Chi sono le galanti del titolo? Pagine sparse, lettere, ombre ed episodi che riaffiorano dal passato e si materializzano a cavallo tra sogno e realtà nella seconda sezione dell’opera, brevissima, un’allegoria in cui l’autore viene scortato di salotto in salotto al cospetto delle sue muse. Galante è l’arte, o almeno lo è stata con lui. Questo libro è l’esito di un dialogo ininterrotto tra le diverse sensibilità di Tuena, che sa essere allo stesso tempo archeologo, saggista divagante, scrittore di letteratura ossessionato dal proprio passato e storico in punta di penna, soprattutto quando si tratta di ricostruire i passaggi di proprietà delle opere dalla loro commissione fino al nostro presente dove tutto è museificato e non c’è più spazio per il collezionismo. Ciò che gli invidiamo è il talento di porre all’arte le giuste domande, di svelare e raccontare i mondi al di là della cornice o del blocco di marmo al cui interno è già presente, anche se in nuce, la scultura. L’esperienza biografica – ricordiamolo: Tuena è figlio di galleristi, con l’arte ci è cresciuto – si lega così all’osservazione e alla critica; la lettura di un’opera figurativa diventa un microfilm, di cui l’attimo ritratto è un singolo fotogramma, una parte che ha un prima e un dopo. Ed è proprio nel prima e nel dopo, quindi in ciò che non ci è dato vedere, che fin da Le Variazioni Reinach (Rizzoli, 2005) si tematizza la ricerca di Tuena, è lì insomma che si definisce il suo rapporto col mondo. La galleria di Ulisse a Fontainebleau, opera di Primaticcio, è un’assenza anch’essa: distrutta e riedificata sotto Luigi XV, raffigurava in un ciclo d’affreschi le avventure dell’Odissea fino al ricongiungimento dell’eroe con Penelope. A partire da una serie di incisioni prese da un olandese poco prima che tutto il patrimonio pittorico della galleria andasse perduto, l’indagine di Tuena sui sentimenti e sugli slanci, sulle motivazioni e sulle paure dei due sposi vivifica il mito, lo scolla dal fondale di una scena già vista e già studiata in abbondanza, lo riduce ai minimi termini – un uomo e una donna, finalmente insieme dopo troppo tempo – e ce lo fa sentire vicino.

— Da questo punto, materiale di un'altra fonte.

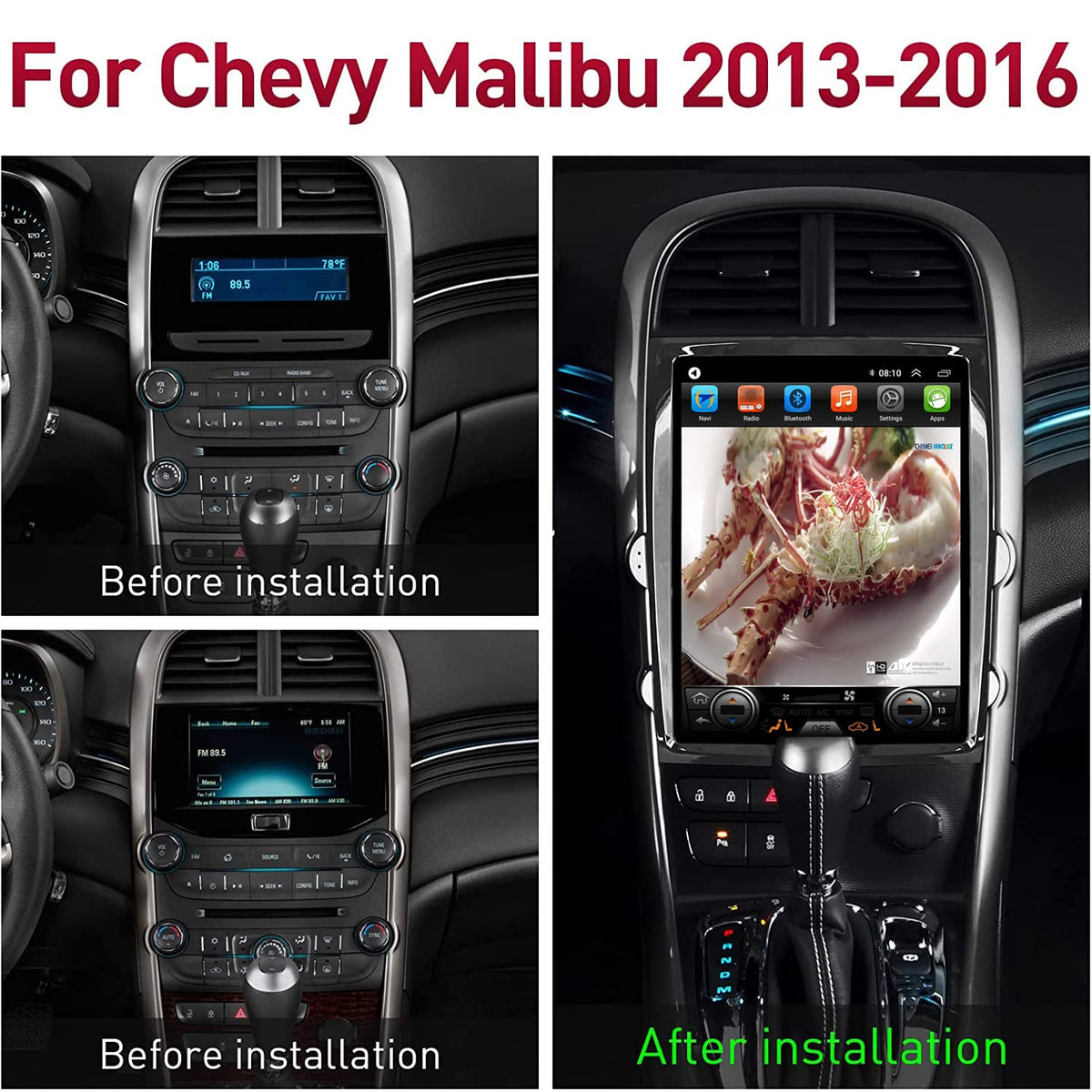 Android 12 Radio Stereo for Chevy Malibu （2013-2016） 12.1 inch IPS Screen Octa Core 4G+64G Head Unit Build-in Wireless Carplay/Android Auto/DSP/WiFi/GPS Free AHD Camera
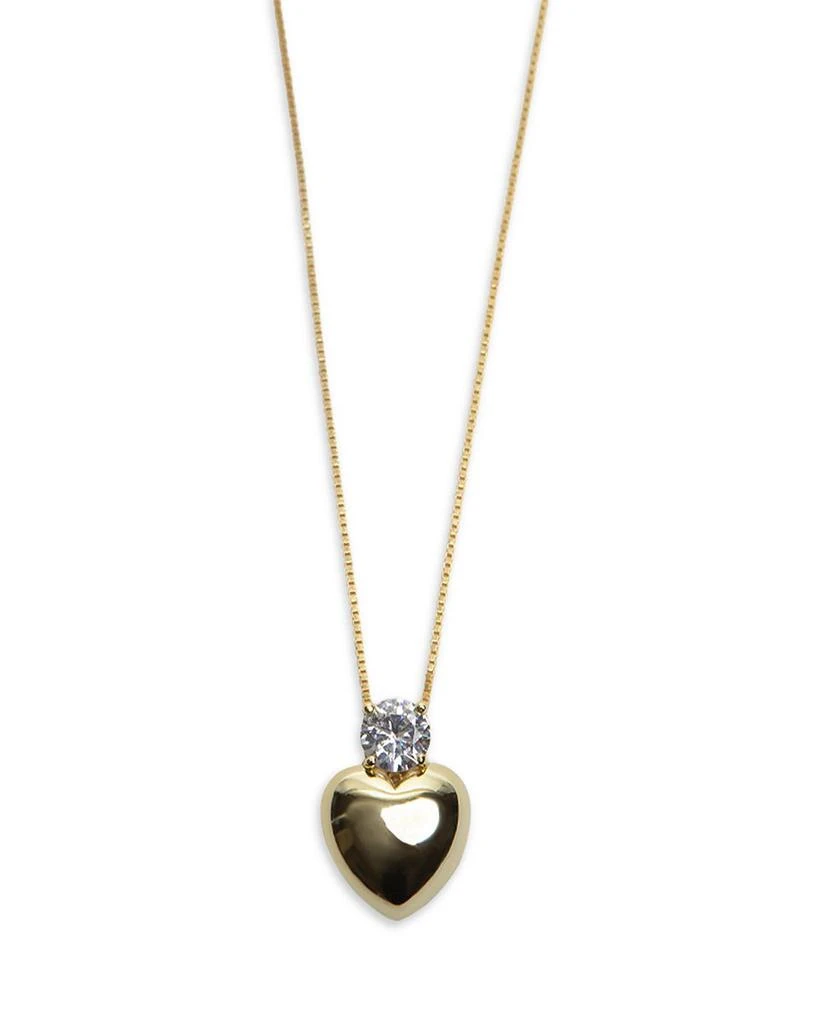Argento Vivo Scarlet Cubic Zirconia & Heart Pendant Necklace in 18K Gold Plated Sterling Silver, 16"-18" 1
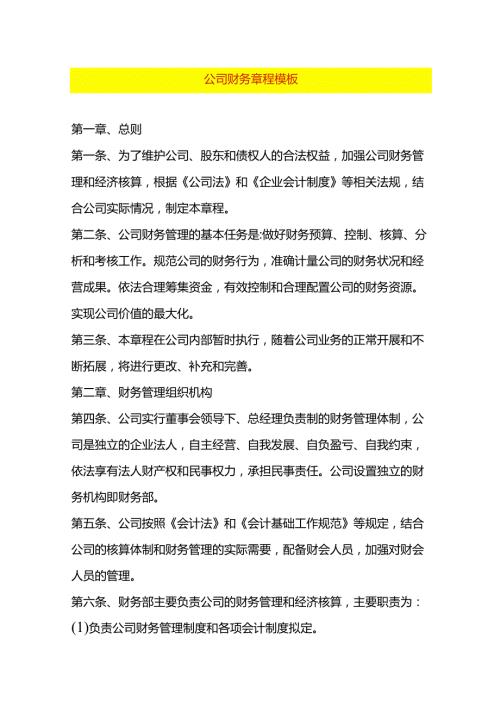 公司财务章程模板.docx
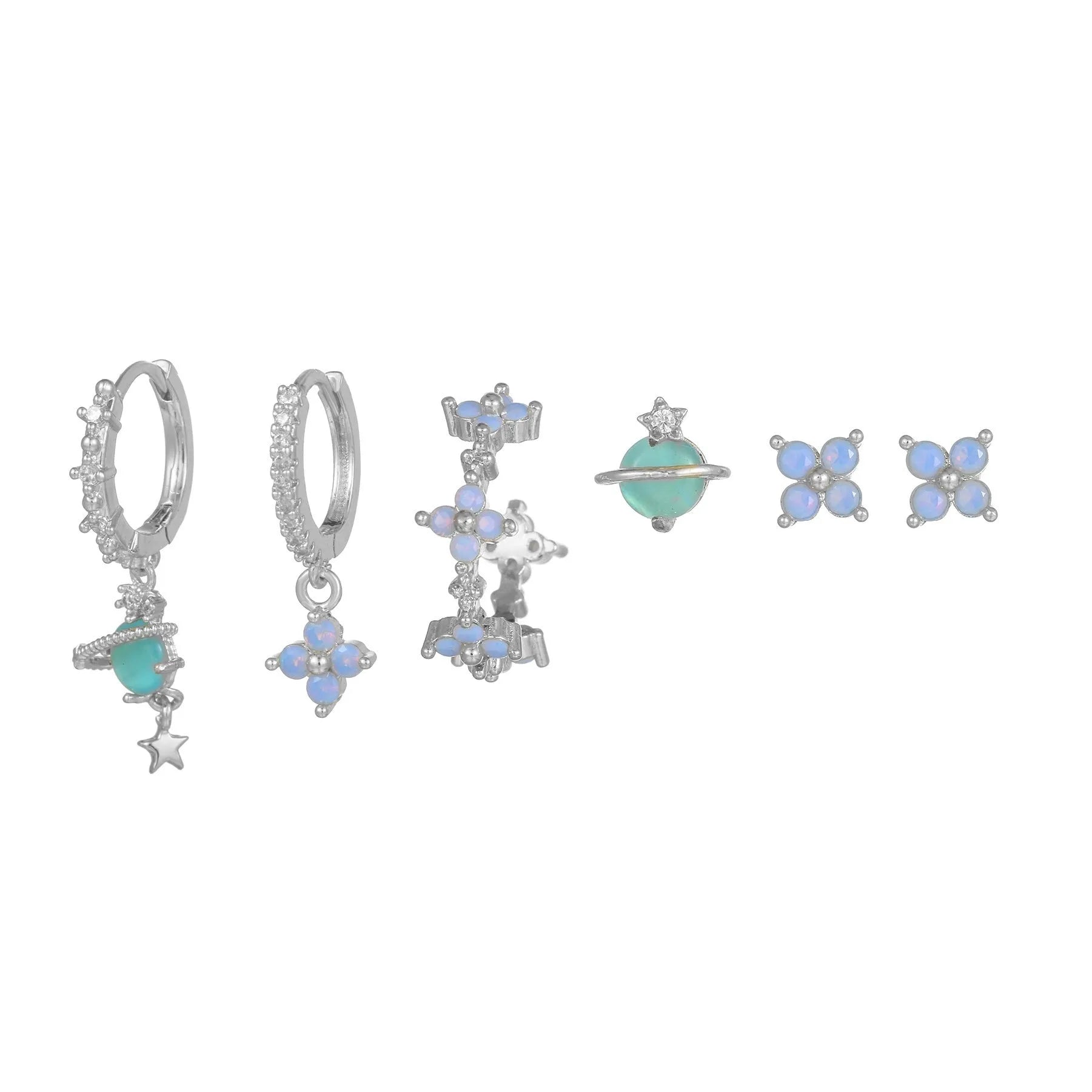 Gold and silver flower ear studs with zircon mosaic detailing, Japanese Korean style design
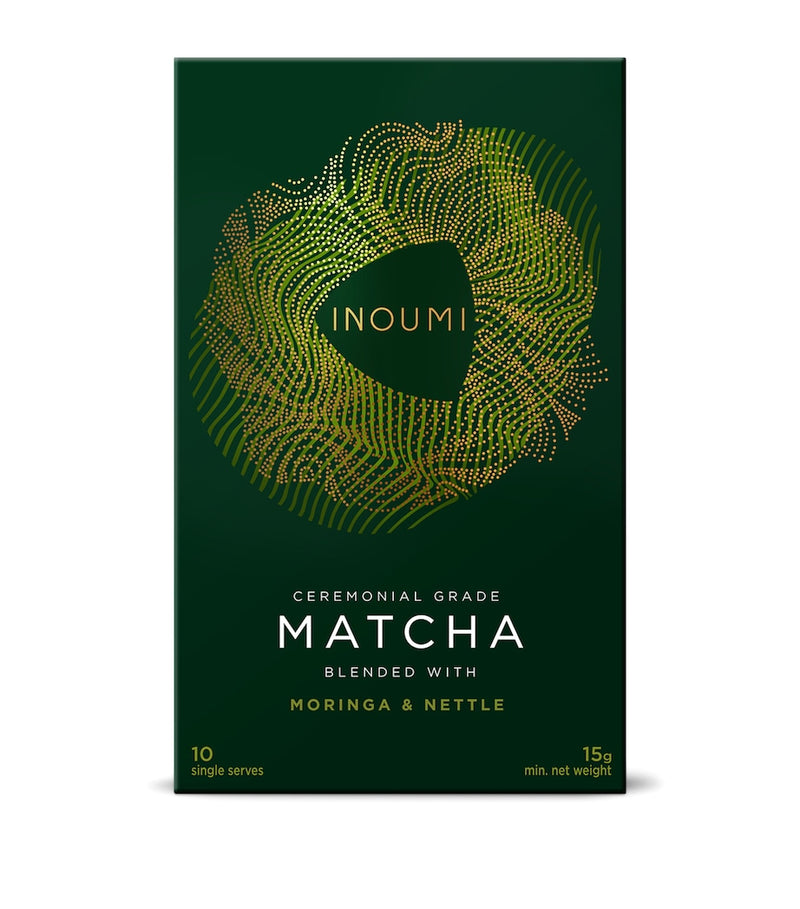 INOUMI Ceremonial Grade Moringa & Nettle Matcha Sachets Pack of 10, UK version
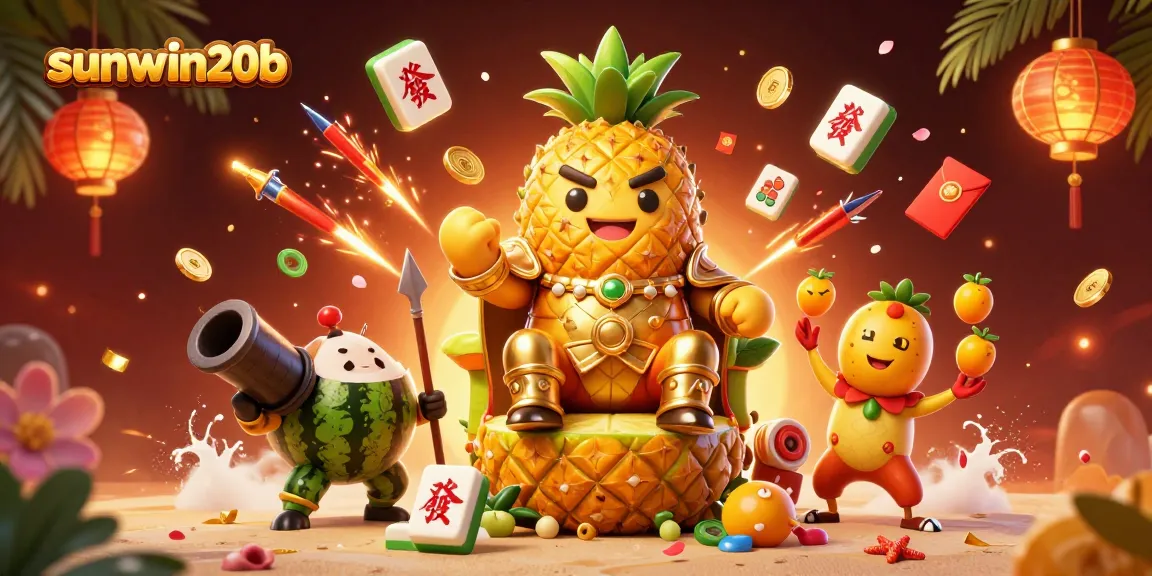 Engage with the vibrant world of sunwin20b, featuring a golden pineapple king and exciting casino elements.
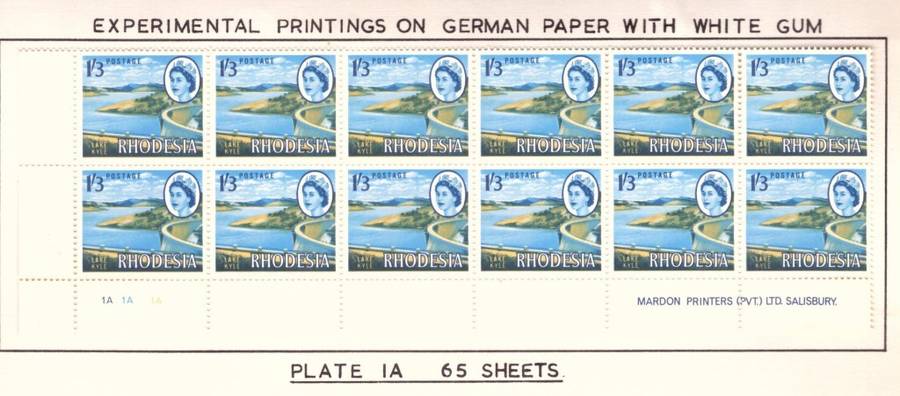 Rhodesia  1966-70  issue. SACC #151 B. Imprint  and Control block..  Hinge on margin. Experimental .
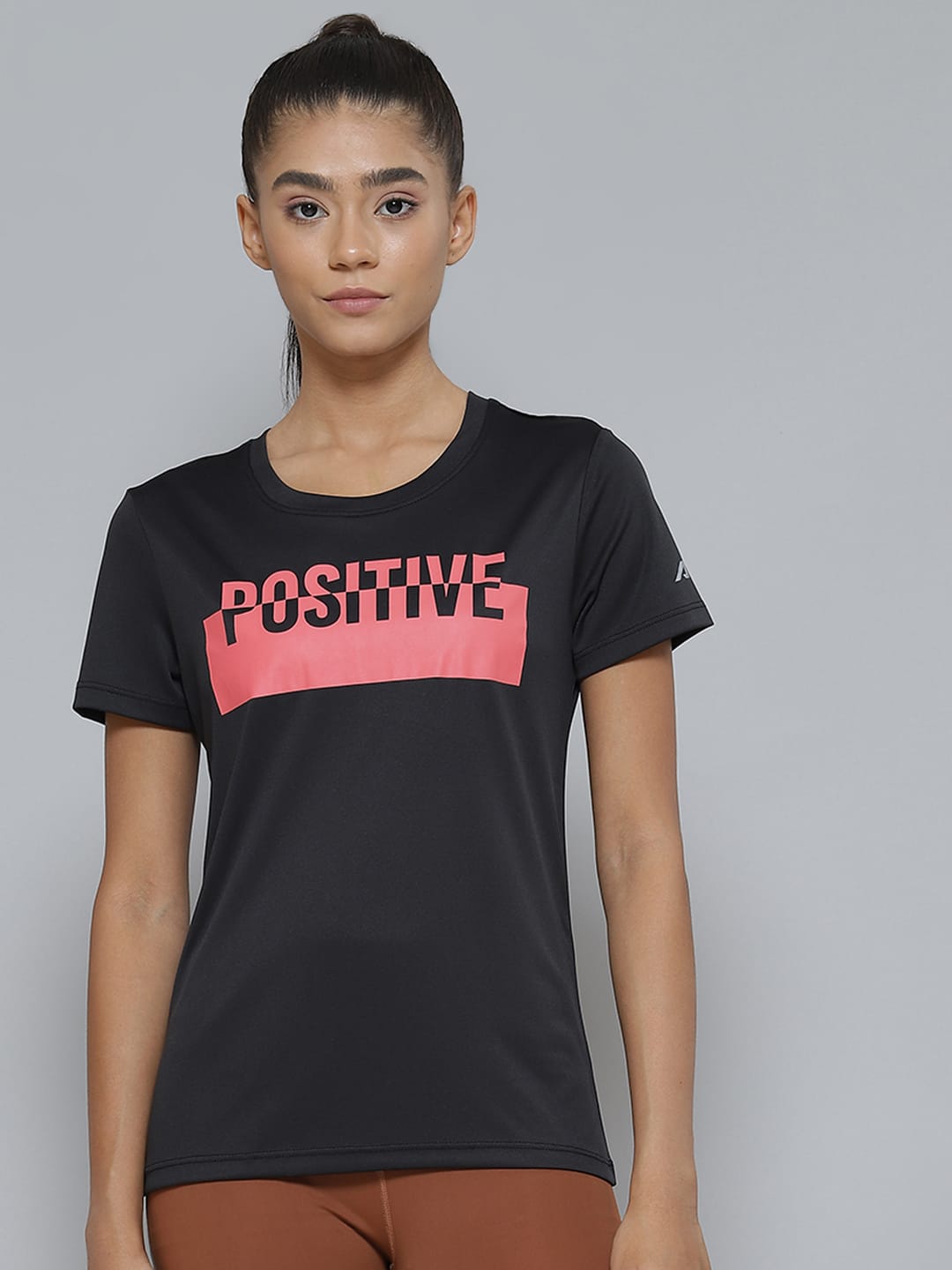Alcis Women Black Typography Printed Slim Fit T-shirt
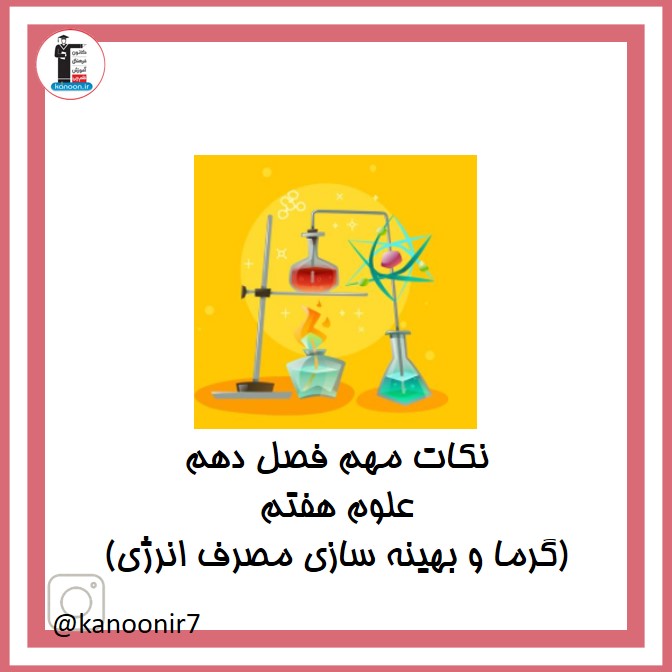 گرما و بهینه سازی مصرف انرژی- نکات مهم علوم هفتم- فرخنده دشتی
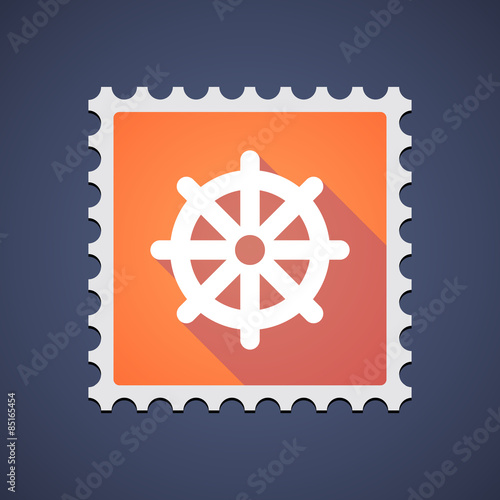 Orange mail stamp icon with a dharma chakra sign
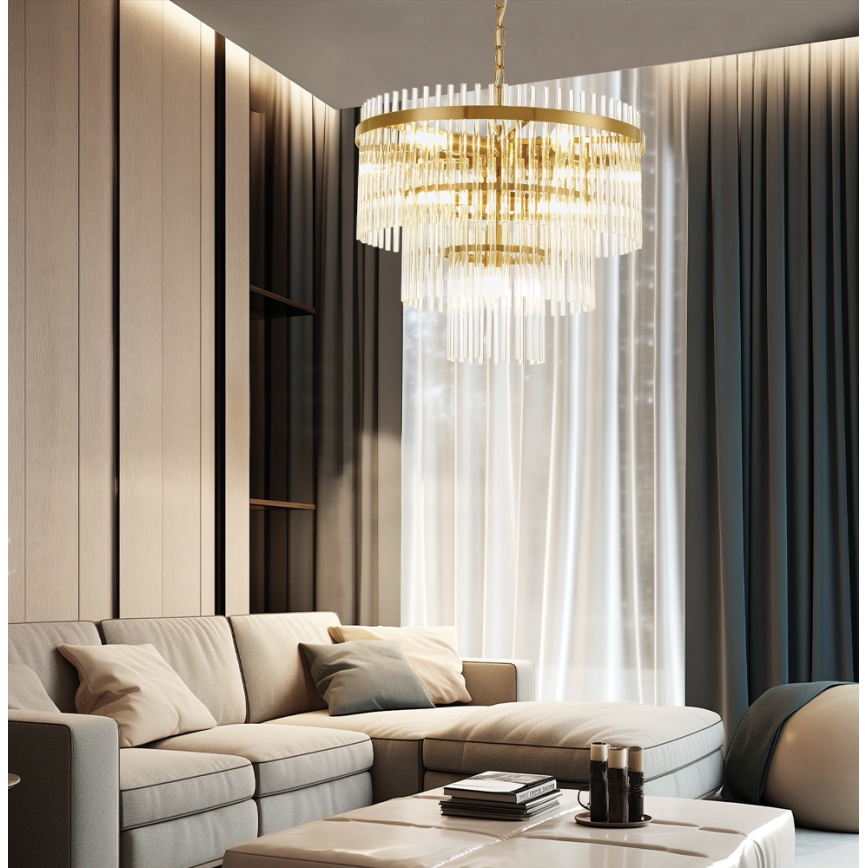 Lustre à chaîne SABRINA 7xE14/40W/230V doré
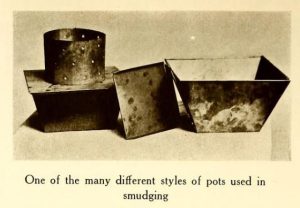 Photo I.D. - An image of a disassembled smudge pot, used for heating orchards. The photo is captioned "One of many different styles of pots used in smudging."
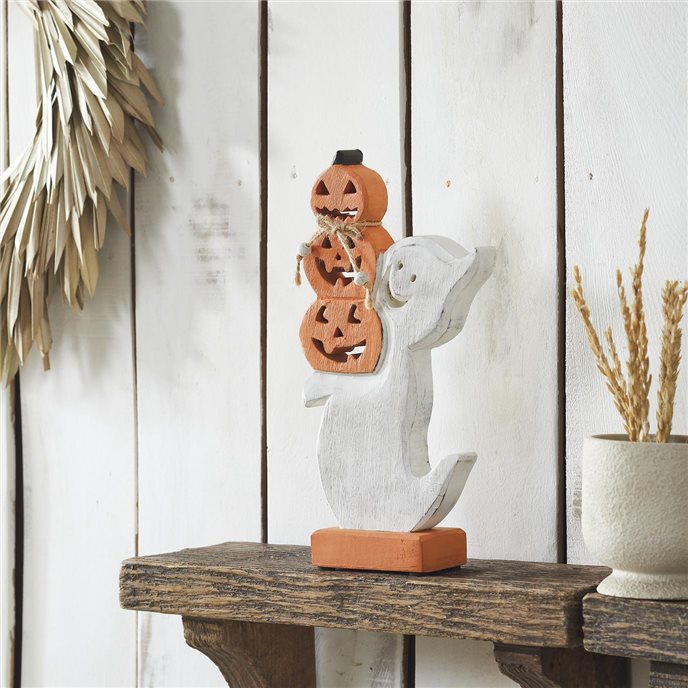 Stacked Jack-O-Lantern Wooden Ghost 11x6x2 Thumbnail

È questa sua vena da personal essay che fa delle Galanti un’autobiografia per opere d’arte e non un banale catalogo: la passione di una vita intera messa al servizio della letteratura, per cui la contemplazione del bello, del mito o del perturbante è soltanto il primo passo di un discorso ben più denso. Innestata sull’arte, e sulle ricadute che l’arte ha sull’autore, la letteratura riformula la vita. E Tuena, che come tutti noi è magnificamente assoggettato alle proprie ossessioni, ci racconta la vita nel “margine di variabilità” dello scontro sempre incerto tra passato e futuro, proprio lì dove si insinua la letteratura: cortocircuito.